• _WHAT IS REQUIRED_
Write the records below out again word for word, with the pictures removed.

#### SOURCE INFORMATION

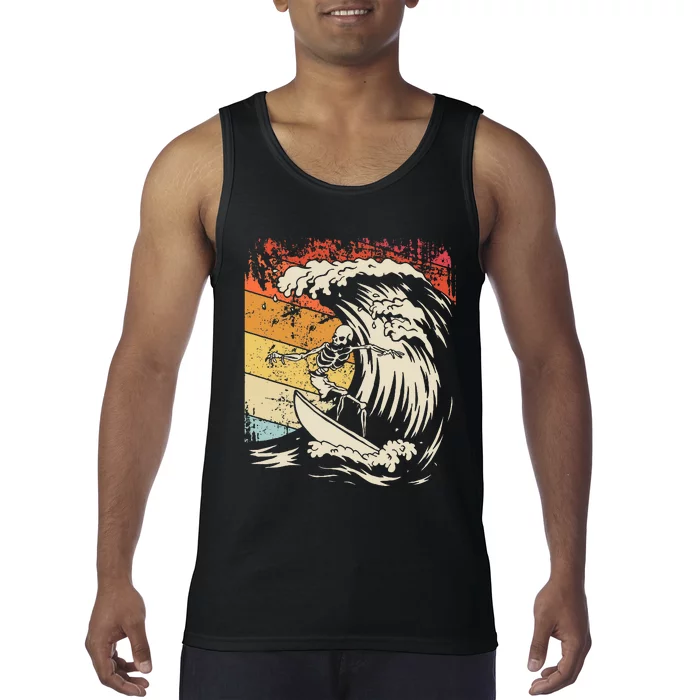 Vintage Surfing Skeleton Halloween Surfboard Tank Top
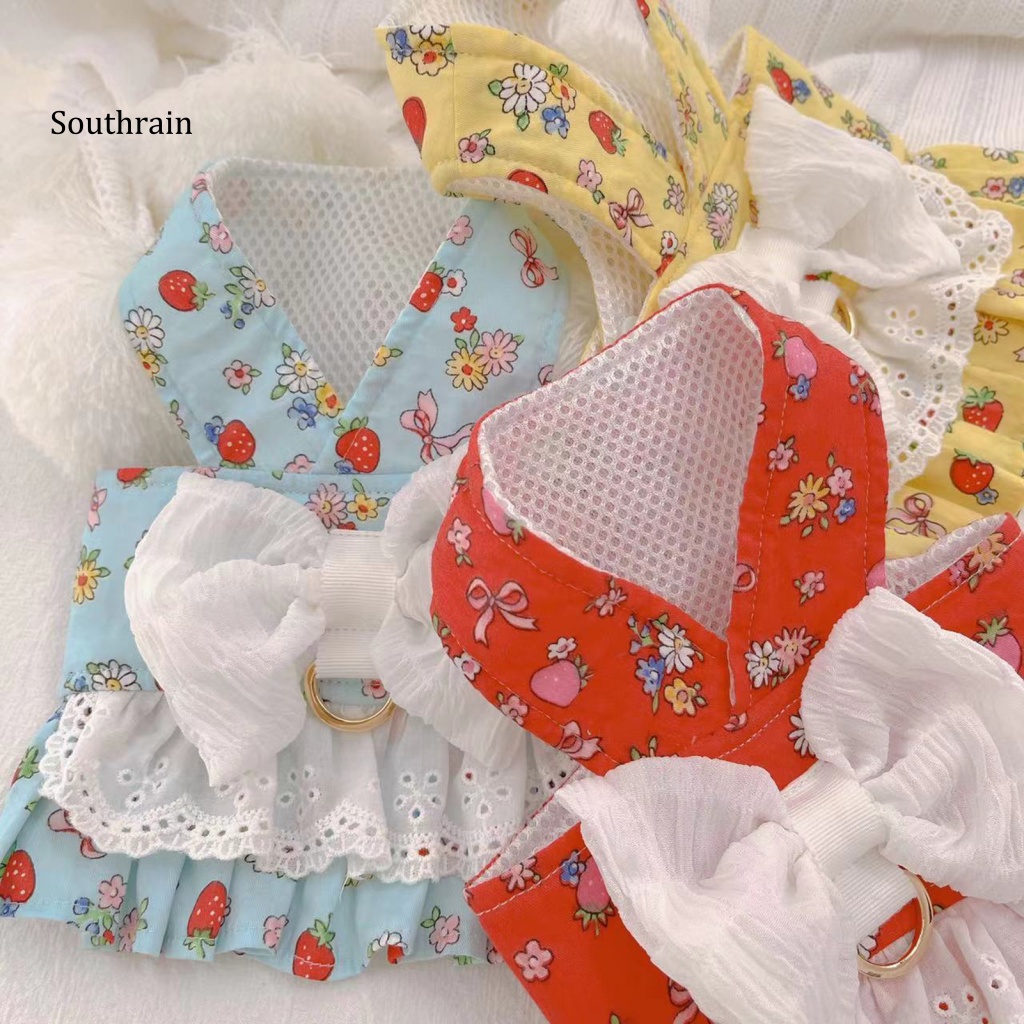 1 Bộ Áo Vest Và Quần Yếm Bằng Polyester Thoáng Khí In Họa Tiết Dễ Thương Dùng Chụp Ảnh Cho Cún Cưng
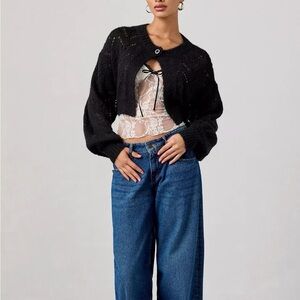New Urban Outfitters Sweater Black Cardigan size Small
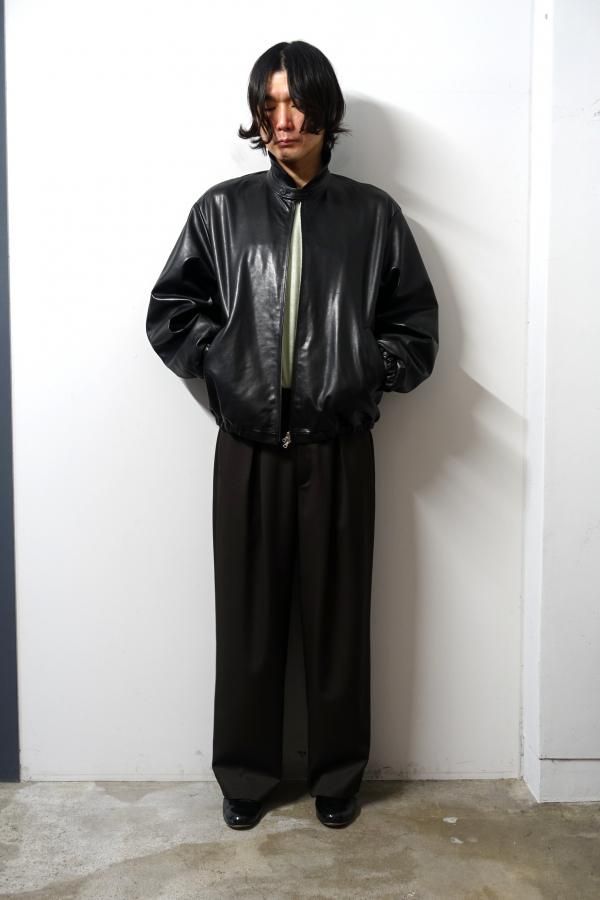 ssstein(シュタイン)/LAMBS LEATHER LIGHT ZIP JACKET/BLACK CONCRETE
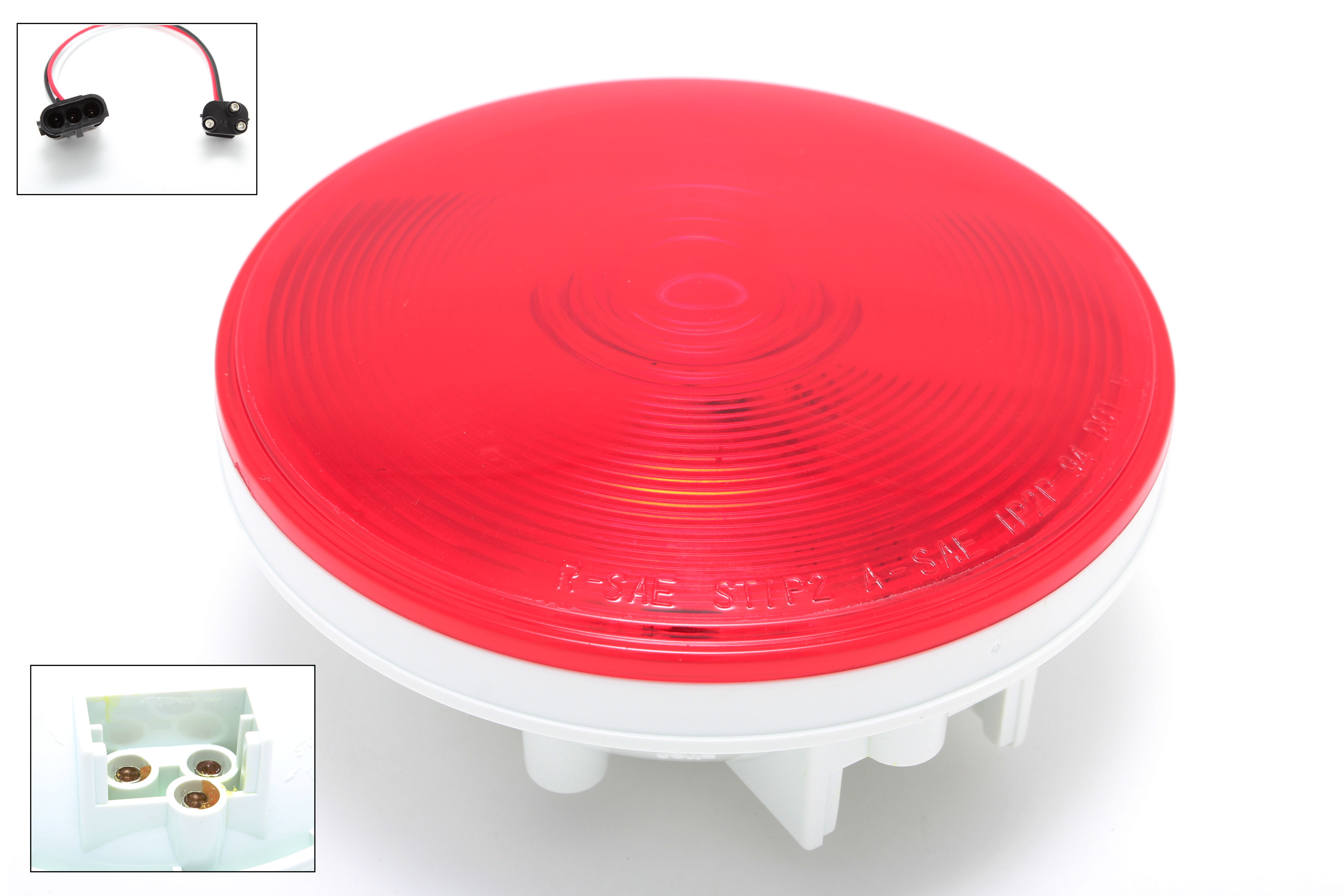 LIGHT STOP TAIL RED 4" W/CONNEC.HARNESS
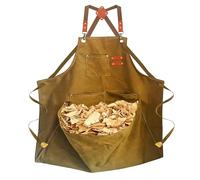 DAFENCHI Wood Carving Apron with Chip Catcher, Canvas Whittling Apron, Woodworking Apron with Large Pouch for Catching Wood Chips, Adjustable Straps, for Woodworkers, Gift for Men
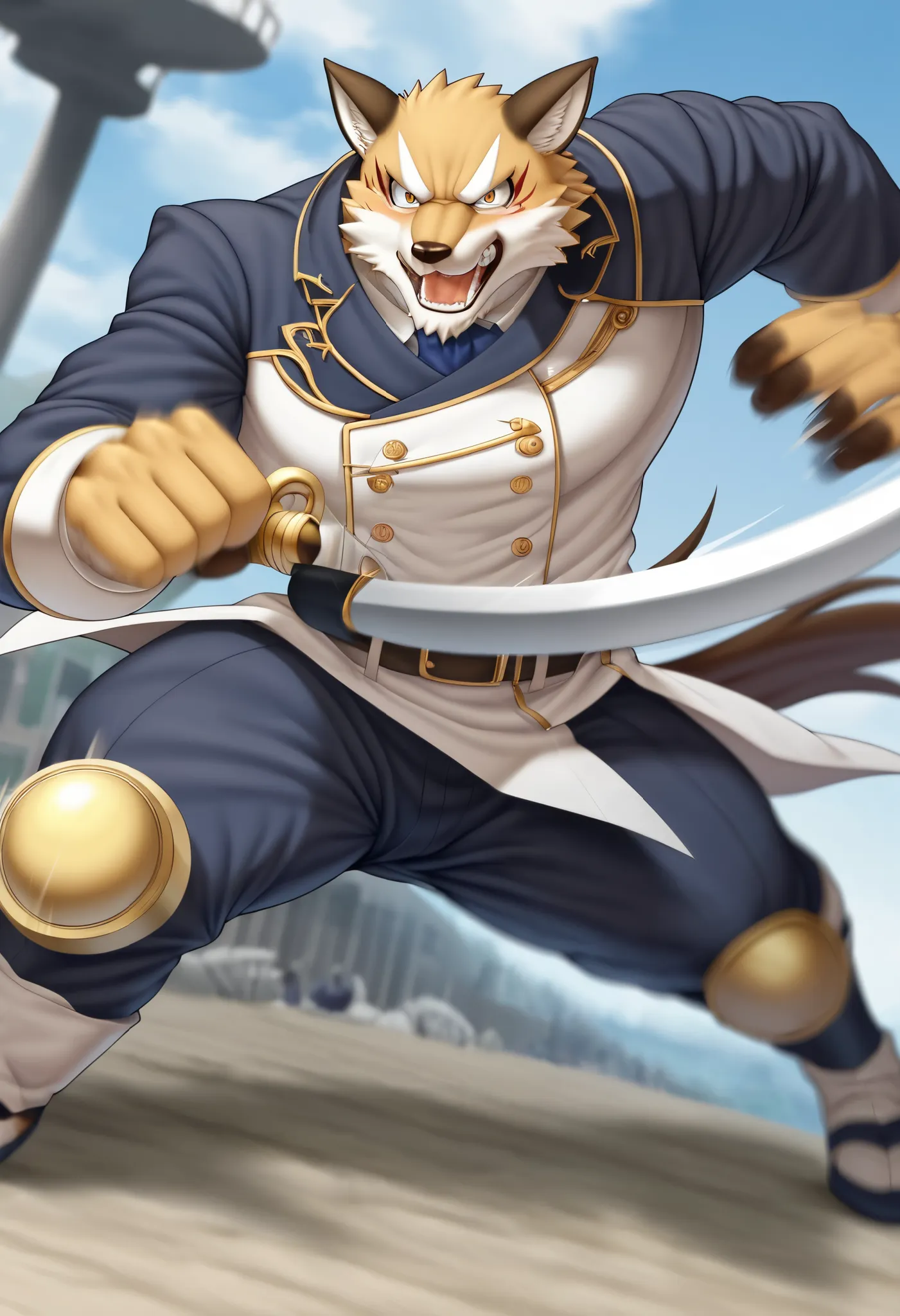 top quality, high-quality illustrations((masterpiece))depth of field, motion blur, absurdres, Perfect Anatomy, magnificent picture of kemono fighting fierce battles, kemono, Anthro((dramatic))epic, weapon, Acrobat, One scene of movie,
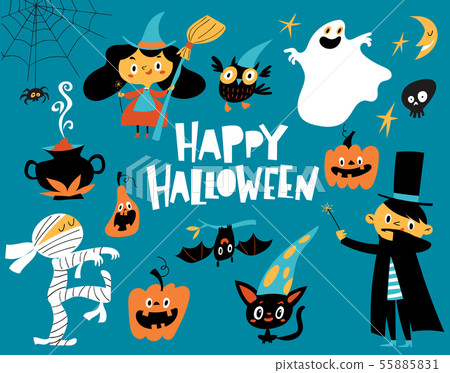 Vector Happy Halloween card with cartoon style... - Stock Illustration  [55885831] - PIXTA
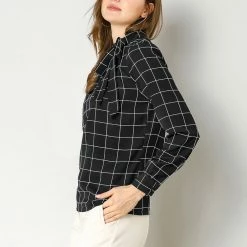 Allegra K Women's Bow-Tie Neck Blouse Office Work Checks Shirt Tops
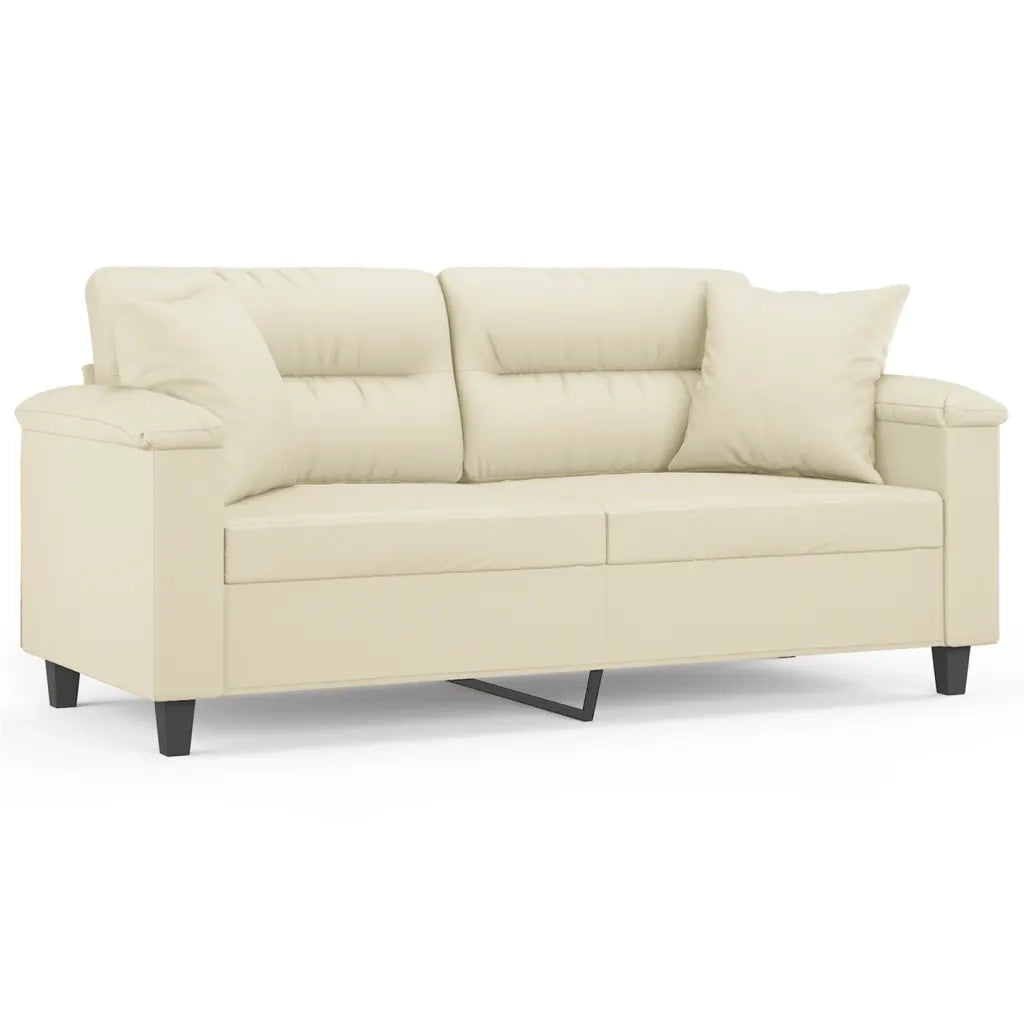 Divano a 2 Posti con Cuscini Crema 140 cm in Similpelle 3200989
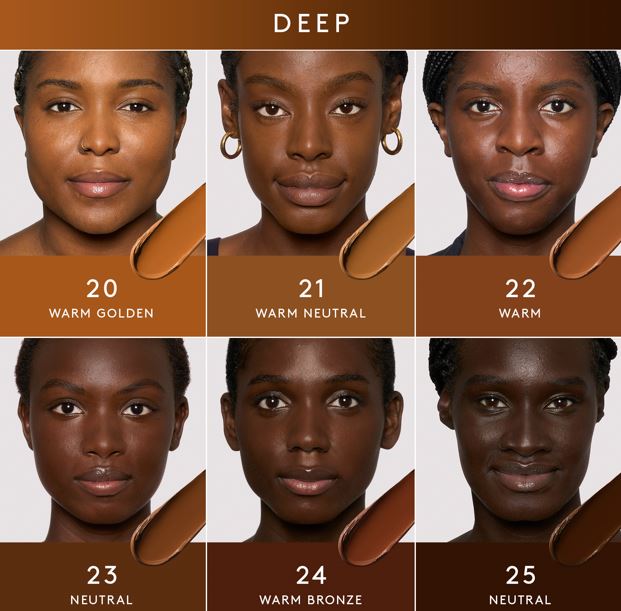 A Fenty Beauty foundation shader finder for Eaze Drop Blur + Smooth Tint Stick & Eaze Drop Blurring Skin Tint for deep tones.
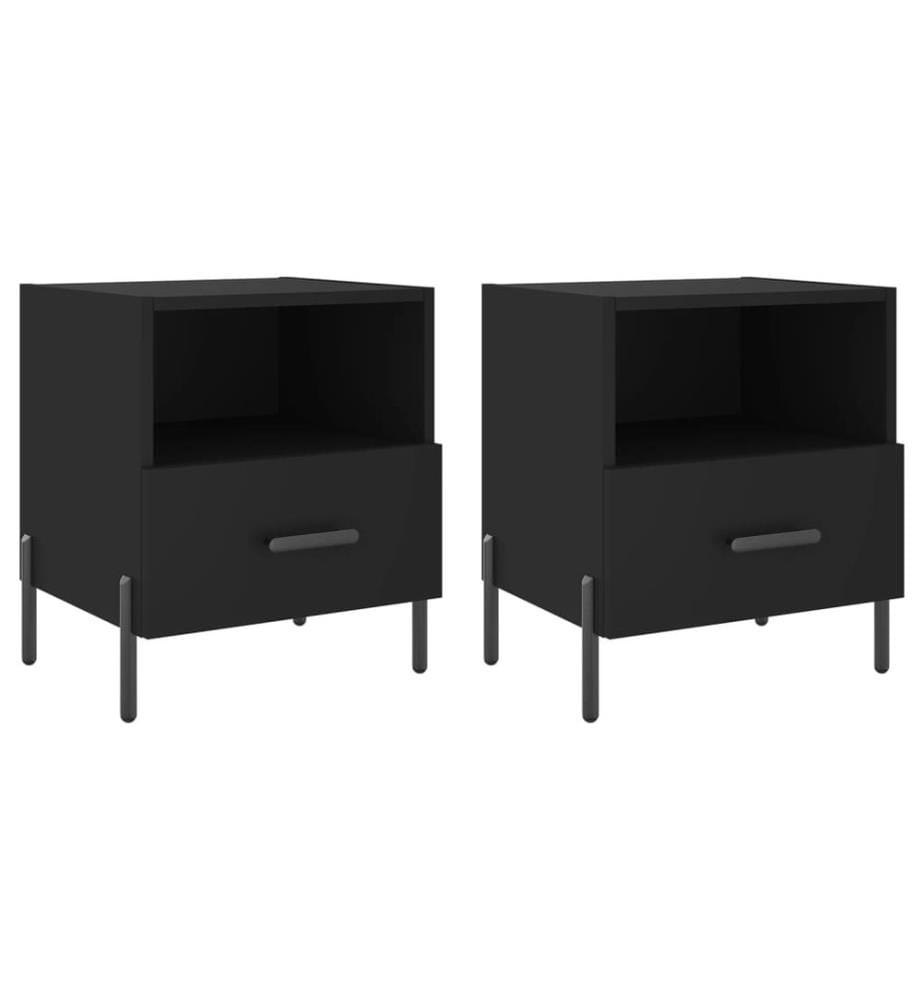 Nachttische 2 Stk. Schwarz 40x35x47,5 cm Holzwerkstoff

########

• _ANSWER FOR THIS EXERCISE_
 Vintage Surfing Skeleton Halloween Surfboard Tank Top
 1 Bộ Áo Vest Và Quần Yếm Bằng Polyester Thoáng Khí In Họa Tiết Dễ Thương Dùng Chụp Ảnh Cho Cún Cưng
New Urban Outfitters Sweater Black Cardigan size Small
 ssstein(シュタイン)/LAMBS LEATHER LIGHT ZIP JACKET/BLACK CONCRETE
 LIGHT STOP TAIL RED 4" W/CONNEC.HARNESS
 DAFENCHI Wood Carving Apron with Chip Catcher, Canvas Whittling Apron, Woodworking Apron with Large Pouch for Catching Wood Chips, Adjustable Straps, for Woodworkers, Gift for Men
 top quality, high-quality illustrations((masterpiece))depth of field, motion blur, absurdres, Perfect Anatomy, magnificent picture of kemono fighting fierce battles, kemono, Anthro((dramatic))epic, weapon, Acrobat, One scene of movie,
 Vector Happy Halloween card with cartoon style... - Stock Illustration  [55885831] - PIXTA
 Allegra K Women's Bow-Tie Neck Blouse Office Work Checks Shirt Tops
 Divano a 2 Posti con Cuscini Crema 140 cm in Similpelle 3200989
 A Fenty Beauty foundation shader finder for Eaze Drop Blur + Smooth Tint Stick & Eaze Drop Blurring Skin Tint for deep tones.
 Nachttische 2 Stk. Schwarz 40x35x47,5 cm Holzwerkstoff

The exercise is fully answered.